HIRİSTİYAN VE YAHUDİLER DE HEDEF
İncelenen dönemde dini kimliğe yönelik nefret söyleminde ise ilk sırayı Hıristiyan ve Yahudi topluluklar aldı. Yahudiler’e yönelik nefret söylemi, önceki dönemlere paralel şekilde belli bir durumu hedef almaksızın farklı konu ve gündem maddeleri etrafında olumsuz çağrışım yapacak şekilde kuruldu, Hıristiyanlar’a yönelik nefret söyleminin büyük çoğunluğu ise misyonerlik konusuyla gündeme taşındı.

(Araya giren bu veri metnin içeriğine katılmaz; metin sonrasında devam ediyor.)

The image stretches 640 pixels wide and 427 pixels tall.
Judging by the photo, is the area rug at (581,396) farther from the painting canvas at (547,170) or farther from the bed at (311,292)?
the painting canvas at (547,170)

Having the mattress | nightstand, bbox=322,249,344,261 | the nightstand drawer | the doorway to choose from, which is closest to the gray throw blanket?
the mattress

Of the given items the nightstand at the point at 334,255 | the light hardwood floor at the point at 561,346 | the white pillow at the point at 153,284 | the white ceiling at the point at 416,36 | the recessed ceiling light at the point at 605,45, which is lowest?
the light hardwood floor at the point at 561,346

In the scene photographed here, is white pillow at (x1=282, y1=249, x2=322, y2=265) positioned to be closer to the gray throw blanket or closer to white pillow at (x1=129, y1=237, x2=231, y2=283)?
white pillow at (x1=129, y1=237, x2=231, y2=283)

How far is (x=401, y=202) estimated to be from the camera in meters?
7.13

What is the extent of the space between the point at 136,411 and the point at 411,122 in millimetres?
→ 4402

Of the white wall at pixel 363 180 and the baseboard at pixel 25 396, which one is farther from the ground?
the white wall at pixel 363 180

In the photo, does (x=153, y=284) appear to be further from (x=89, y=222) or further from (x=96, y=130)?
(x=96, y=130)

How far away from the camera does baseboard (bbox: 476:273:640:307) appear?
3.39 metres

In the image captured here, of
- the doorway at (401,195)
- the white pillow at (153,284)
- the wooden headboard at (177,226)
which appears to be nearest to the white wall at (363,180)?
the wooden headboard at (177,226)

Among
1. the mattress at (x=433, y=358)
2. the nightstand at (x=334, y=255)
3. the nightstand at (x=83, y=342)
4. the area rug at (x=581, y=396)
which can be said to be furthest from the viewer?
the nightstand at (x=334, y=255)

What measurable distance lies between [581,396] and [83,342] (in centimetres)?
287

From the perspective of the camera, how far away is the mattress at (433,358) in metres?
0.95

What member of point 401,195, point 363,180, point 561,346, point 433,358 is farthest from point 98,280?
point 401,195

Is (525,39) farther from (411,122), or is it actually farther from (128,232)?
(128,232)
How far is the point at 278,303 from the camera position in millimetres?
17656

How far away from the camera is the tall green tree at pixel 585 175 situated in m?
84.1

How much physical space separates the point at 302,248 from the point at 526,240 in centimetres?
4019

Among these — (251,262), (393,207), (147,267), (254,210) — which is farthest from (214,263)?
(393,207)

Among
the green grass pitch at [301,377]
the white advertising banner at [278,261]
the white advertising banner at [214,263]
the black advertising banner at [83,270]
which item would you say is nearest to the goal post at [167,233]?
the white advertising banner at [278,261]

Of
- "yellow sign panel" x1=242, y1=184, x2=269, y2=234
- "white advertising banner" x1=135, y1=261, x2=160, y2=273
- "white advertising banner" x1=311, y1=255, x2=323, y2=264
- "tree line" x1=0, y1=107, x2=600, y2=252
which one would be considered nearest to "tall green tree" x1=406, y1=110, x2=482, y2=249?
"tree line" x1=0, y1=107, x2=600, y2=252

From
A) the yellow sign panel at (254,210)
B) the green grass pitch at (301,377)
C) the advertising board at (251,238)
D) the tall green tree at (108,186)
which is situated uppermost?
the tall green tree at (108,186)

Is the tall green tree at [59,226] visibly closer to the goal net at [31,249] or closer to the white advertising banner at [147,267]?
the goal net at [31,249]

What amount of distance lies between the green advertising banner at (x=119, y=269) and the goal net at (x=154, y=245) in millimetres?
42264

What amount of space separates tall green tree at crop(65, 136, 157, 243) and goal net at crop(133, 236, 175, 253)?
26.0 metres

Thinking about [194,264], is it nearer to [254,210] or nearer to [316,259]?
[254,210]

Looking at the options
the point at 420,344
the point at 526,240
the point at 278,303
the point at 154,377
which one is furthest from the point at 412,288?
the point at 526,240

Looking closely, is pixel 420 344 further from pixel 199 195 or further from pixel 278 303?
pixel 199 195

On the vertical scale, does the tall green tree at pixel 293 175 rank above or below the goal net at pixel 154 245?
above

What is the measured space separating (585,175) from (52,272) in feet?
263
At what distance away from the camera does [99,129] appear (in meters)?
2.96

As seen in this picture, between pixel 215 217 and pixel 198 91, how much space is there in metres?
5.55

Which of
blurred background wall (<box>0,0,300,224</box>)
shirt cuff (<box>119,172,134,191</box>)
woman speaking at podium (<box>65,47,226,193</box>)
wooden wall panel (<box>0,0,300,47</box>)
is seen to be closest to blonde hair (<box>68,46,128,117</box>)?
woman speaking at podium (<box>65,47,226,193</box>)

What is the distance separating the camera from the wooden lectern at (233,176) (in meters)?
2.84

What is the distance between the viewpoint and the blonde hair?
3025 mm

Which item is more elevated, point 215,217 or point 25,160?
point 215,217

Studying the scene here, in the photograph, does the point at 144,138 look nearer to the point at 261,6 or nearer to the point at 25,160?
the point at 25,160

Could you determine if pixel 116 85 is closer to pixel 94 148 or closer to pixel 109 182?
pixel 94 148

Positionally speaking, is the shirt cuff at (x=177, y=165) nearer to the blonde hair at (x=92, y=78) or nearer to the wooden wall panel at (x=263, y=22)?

KÖŞE YAZARLARI NEFRET KUSTU
Önceki dönemlere benzer şekilde bu dört aylık dönemde de nefret söylemi tespit edilen örneklerin büyük çoğunluğu (yüzde 87) köşe yazılarında yer aldı. Geçen dönemde en fazla hedeflenen grup olarak ilk sırada yer alan Hıristiyanlar yerine bu dönemde nefret söylemine en fazla 25 habere konu olan Ermeniler ve 11 habere konu olan Kürtler hedef oldu. Elbette her zamanki gibi diğer ulusal kimlikler, LGBTT bireyler ve kadınlar da nefret söylemine maruz kaldı.

NEFRET KUSAN YAZILAR
Raporda, nefret söylemi konusunda en çok öne çıkan yazı ve haberlerden örnekler de verildi. Mayıs-Ağustos 2011 döneminde nefret kusan bazı yazarlar bakın neler yazdı:

Medyum Memiş Hoca (Güneş): Ermeniler’in durumu bu. Hâlâ Azeriler’e kalleşlik yapmaya devam ediyorlar. (…) Bu kalleşler sonra Türkiye’yi tehdit etmeye kalkıyorlar. ABD’de Avrupa’da Türkiye aleyhine yapmadıkları pislik yok. Aynı Rumlar, aynı Yunanlılar gibi…

Rıza Zelyut (Güneş): Kürt vatandaş, istediğinde aile meclisini toplayarak kocasından ayrılan kızını öldürme kararı alamıyor mu? Kızını, 18 yaşından küçük erkek kardeşine öldürtmüyor mu? Bu özgürlük (!) hangi Türk ailesinde vardır? Canı isteyen dede, erkekle konuştu diye kızdığı kız torununu diri diri toprağa gömmüyor mu? Böyle bir özgürlük veya ayrımcılık başka hangi dedeye nasip olmuştur? (…) Onlar, bu pasif ayrımcılıktan dolaylı o kadar kendilerinden geçmişler ki ne verseniz “Yetmez!” diyorlar.

Ender Gökdemir (Ortadoğu): Bu ülkeyi böldürtmedik, böldürtmeyeceğiz. Sahi siz gerçekten Kürt müsünüz? Siz sakın kılıç artığı Ermeni dölleri olmayasınız? Sizleri Kürtlerin temsilciliğine kim tayin etti? (…) Bu milletin ayranı ne zaman kabarır bilemiyorum. 1991’de size tanınan müsamahayı çok kötü kullanmıştınız, hatırlayın. Kaç gün sürdü Meclis’le hapishaneler arasındaki mesafe?

Yılmaz Özdil (Hürriyet): Benim neslim ise ‘Hepimiz Ermeniyiz’ diye yürüdü. (…) Benim neslimin gazetecileri soykırım anıtına çiçek koydu. (…) Benim neslimin ‘1 Milyon Ermeni’yi öldürdük’ diyen yazarı, ‘onur konuğu’ olarak Çankaya’ya davet edildi.

Serdar Turgut (HaberTürk): Bu muhterem ve espritüel müdürüm, postasını evde kalmış ve azmış kadınların mektuplarında kullandığı gülümseme işaretleriyle süslemişti. Bunu görünce duygulandım ve Türkiye'ye döner dönmez bu müdürüme, evde kalmış ve azmış kadınlara ne yapmayı düşünüyorsam onu aynen uygulamaya karar verdim.